Ponieważ zdradzałam objawy chorobowe (ponoć siedziałam w fotelu i się kiwałam bezmyślnie), męża własna przyjeżdżała nie co dwa tygodnie, a co tydzień po pracy, choćby na parę godzin. Pomiędzy szpitalami byłam wywożona na działkę na jakieś dwie godzinki dla złapania równowagi i oddechu. Pomaga! Kilka zdjęć z tych wyjazdów. Czerwiec jeszcze chyba to był
Oj Romciu - nie wiedziałam, że u Ciebie taki ciężki okres. Tym bardziej doceniam, że miałaś chęć u mnie do żartów się przyłączyć.

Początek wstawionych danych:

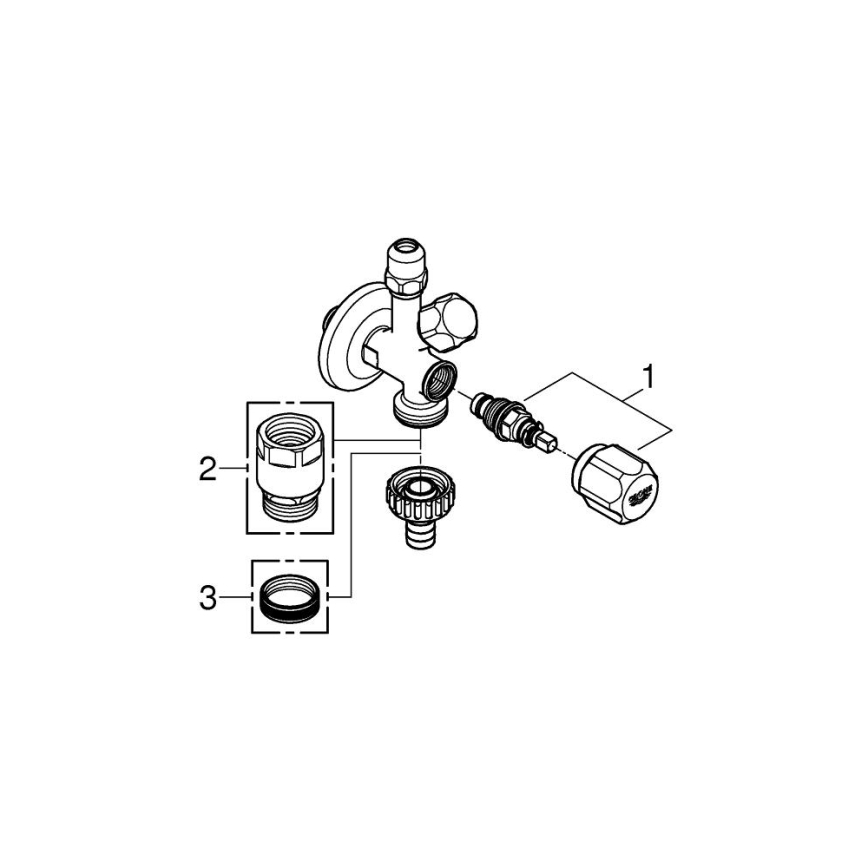 GROHE 22035000 - Valvola ad angolo combinata UNIVERSAL DN 15, cromo lucido
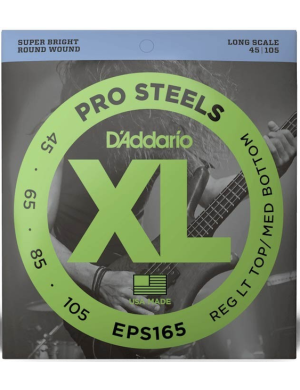 Набор струн для бас гитары DADDARIO EPS165 XL PRO STEELS REG LIGHT TOP/MED BOTTOM 45-105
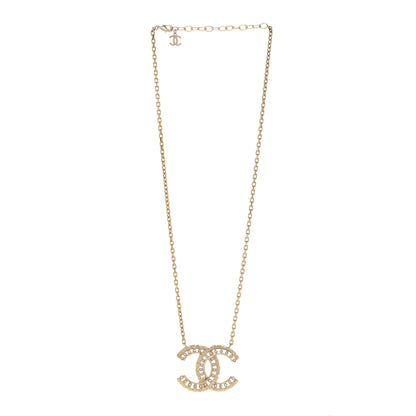 Chanel Crystal Textured CC Necklace Gold 3 of 5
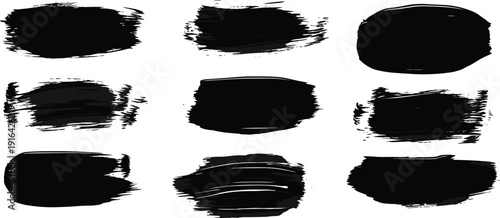 Vector illustration of nine black brushstroke shapes in grid layout, artistic textured strokes for design backgrounds, decorative elements, and creative projects.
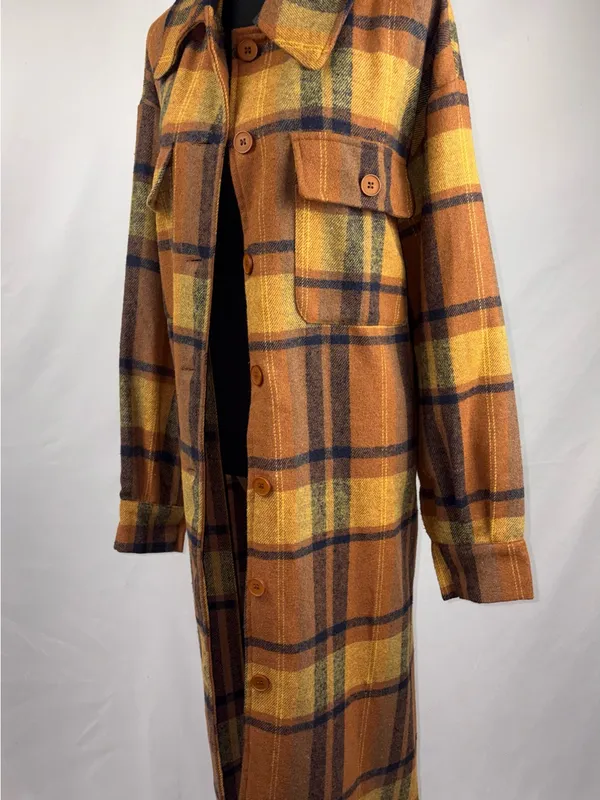 SheIn Plaid Trench Coat in Mustard & Brown - Image 4
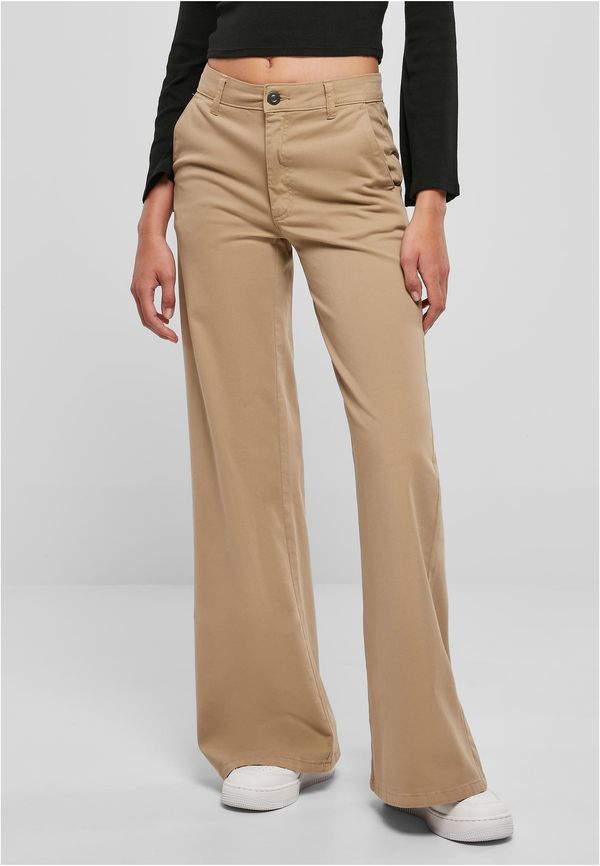 Urban Classics Women's high-waisted chinos with wide legs union beige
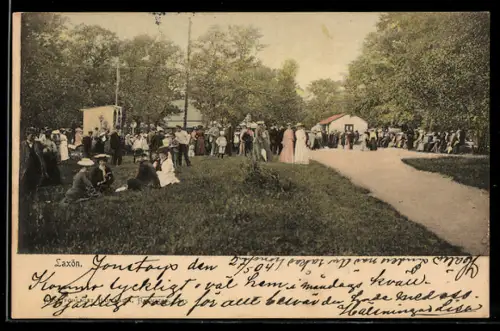 AK Laxön, Sommerliches Volksfest in einem Park, mit Gebäuden
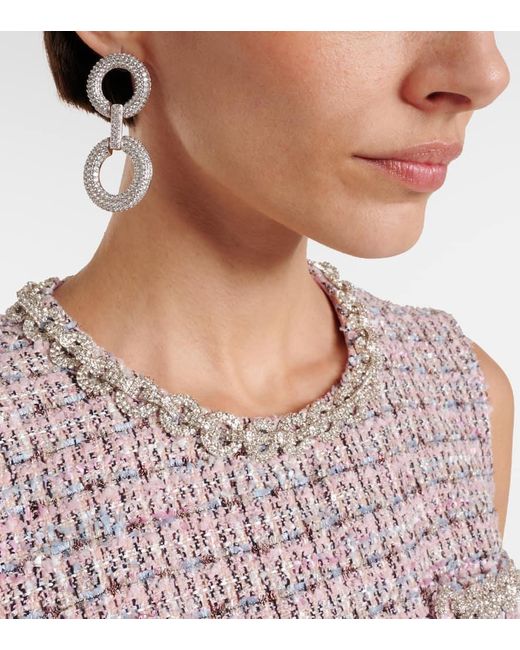 Self-Portrait White Crystal-Embellished Earrings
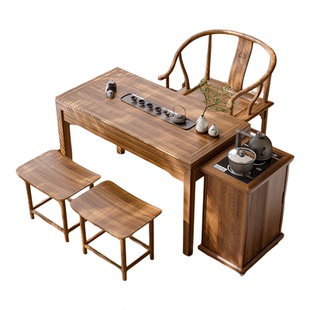 新中式榆木茶桌茶台实木阳台茶桌椅组合客厅家用简约原木办公茶桌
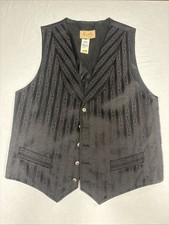 Scully Mens L Black Jacquard Western Vest 5 Button NWT Cavenders Rangewear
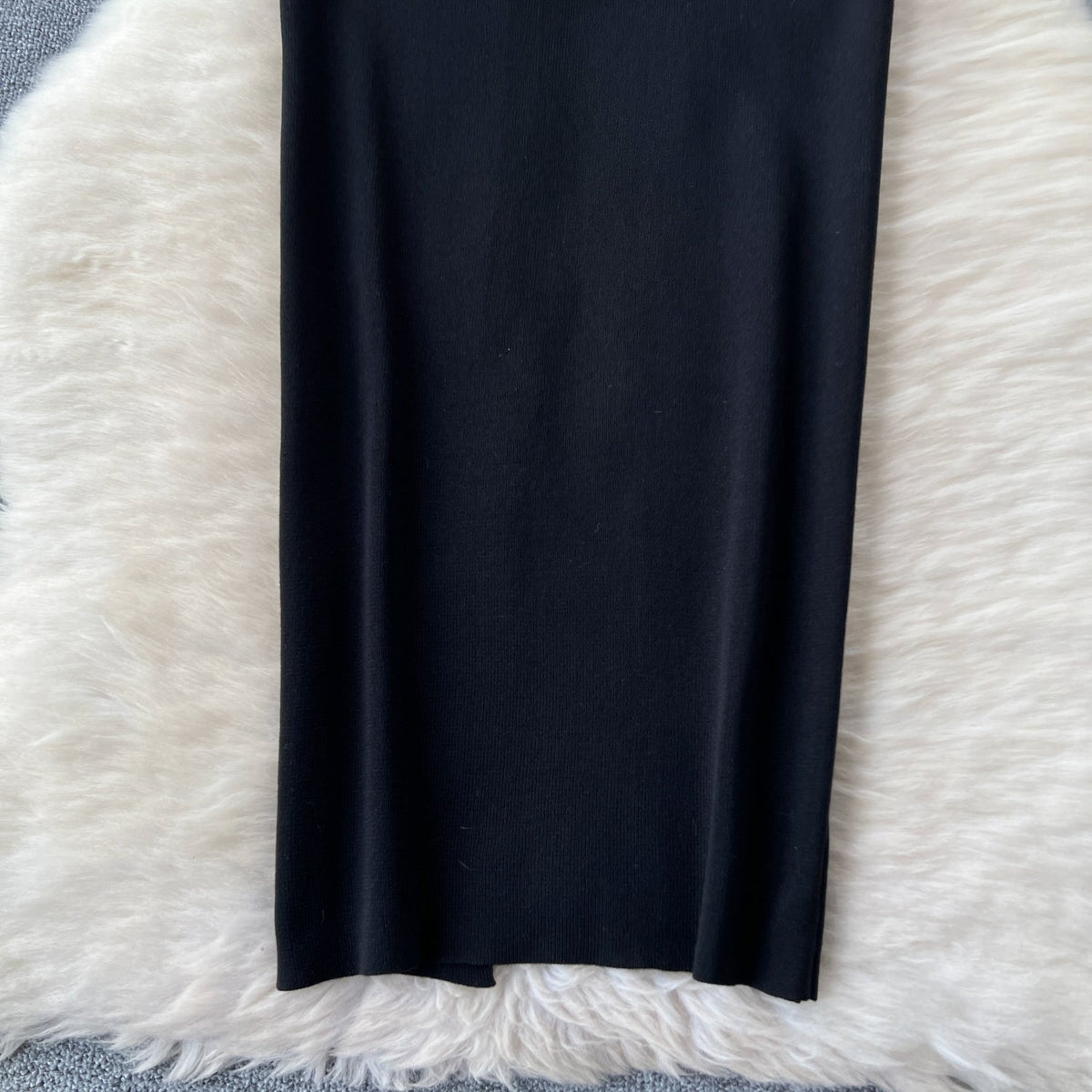 Color Blocking Black Knitted Dress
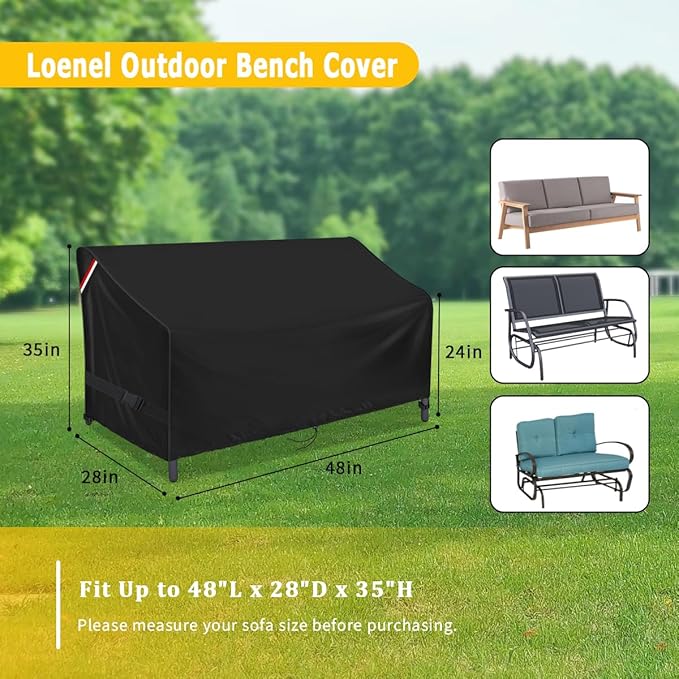 Outdoor Loveseat Cover, 2-Person Waterproof Patio Glider Covers for Outdoor Furniture Glider Bench Cover Patio Loveseat Cover Swing Sofa Furniture Covers - 48" L X 28" W X 35" H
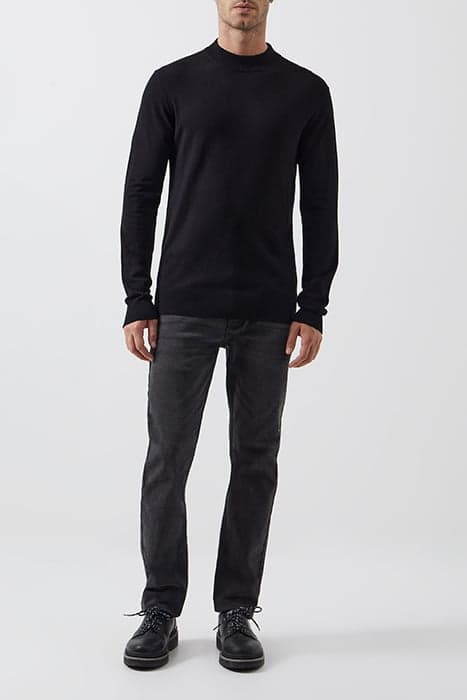 TURTLE NECK FLAT KNIT JUMPER BLACK by French Connection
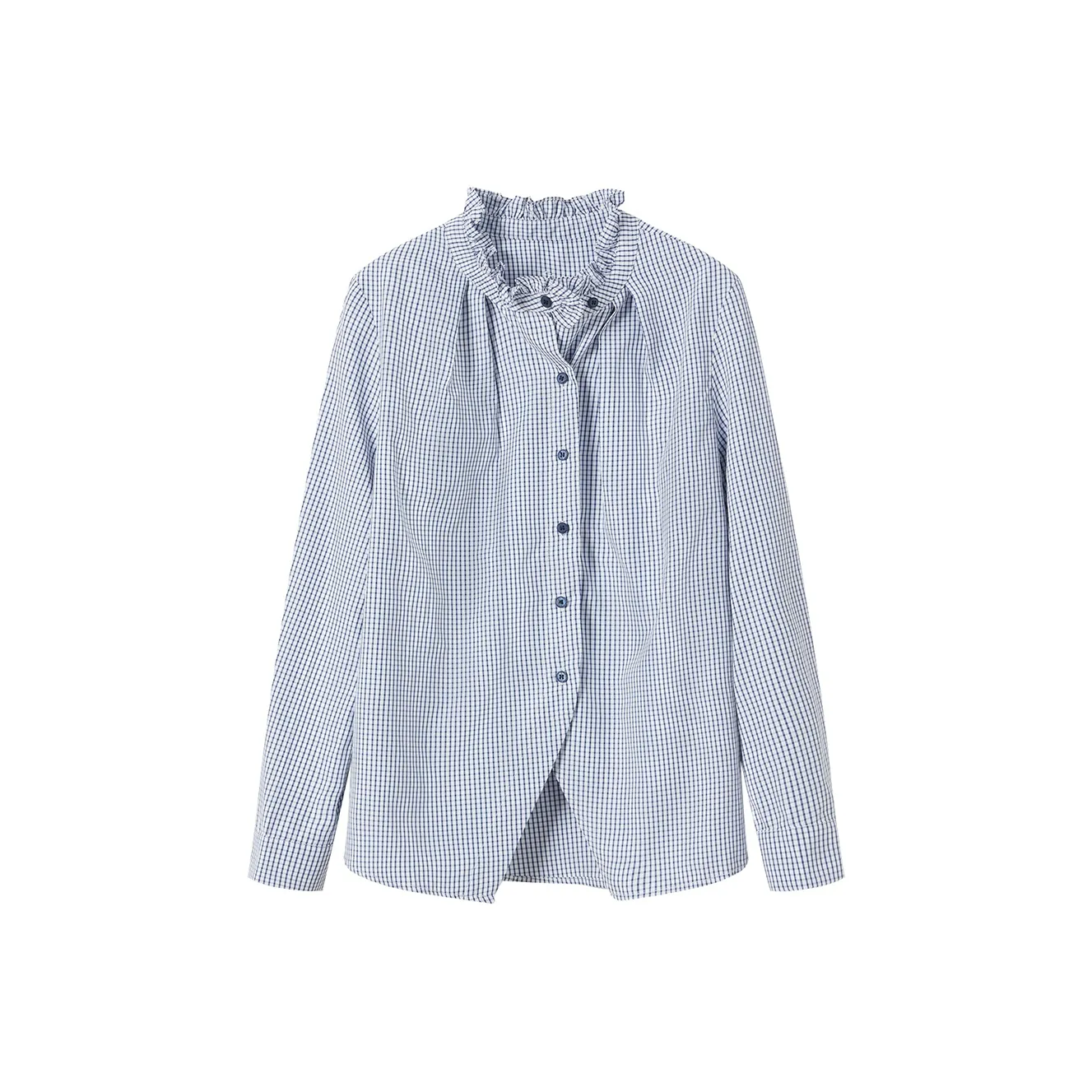 SHANGJING Синие Белые Клетчатые Рубашки для Женщин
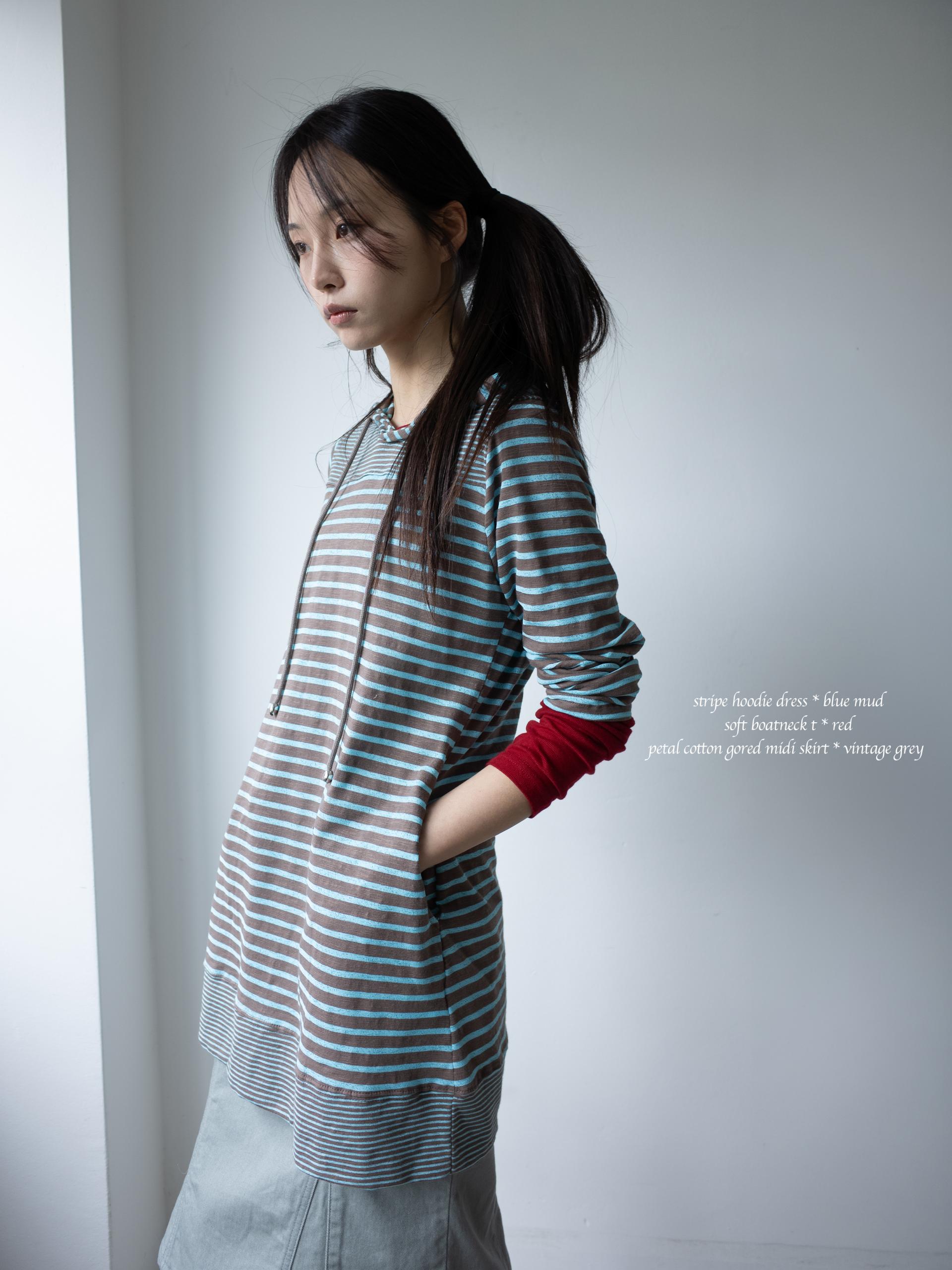 STRIPE HOODIE DRESS (BLUE MUD)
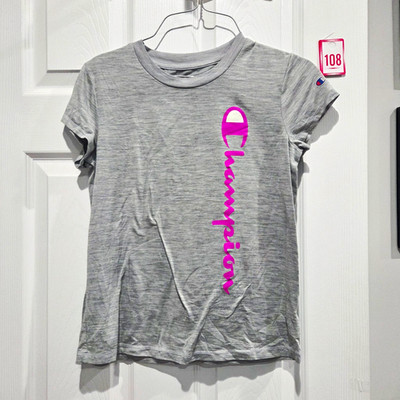 Champion Girls Crew Neck T-Shirt 14/16 Gray Pink Logo Graphic Print Blend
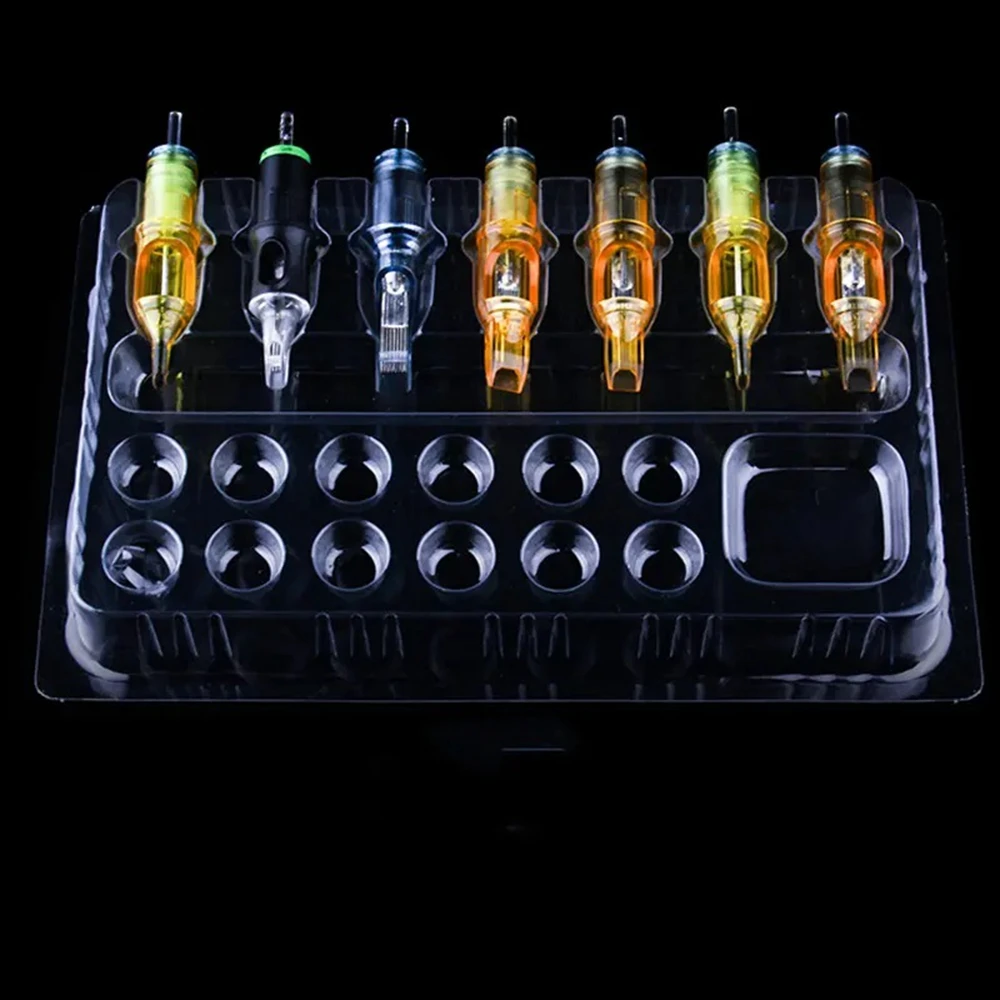 

20 шт./лот, держатель для игл для татуировок, прозрачный пластиковый держатель, машина для ручки, чернила, лотки для пигментов, подставка для перманентного макияжа, боди-арт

A roślinki - jak widać - radzą sobie znakomicie. Świeże, wiejskie powietrze im służy.
Pozdrawiam serdecznie i ciemne chmury myślami odganiam.
No tak czasem bywa. Chęci do żartów mi wracają właśnie! Rodzina zdrowotnie się poprawia, starsza latorośl wraz z mężem i przy pomocy młodszej latorośli mają zająć się Dziadziuśkami. My wybywamy na wieś. Choć telefon przy tyłku trzeba będzie nosić w razie alarmu.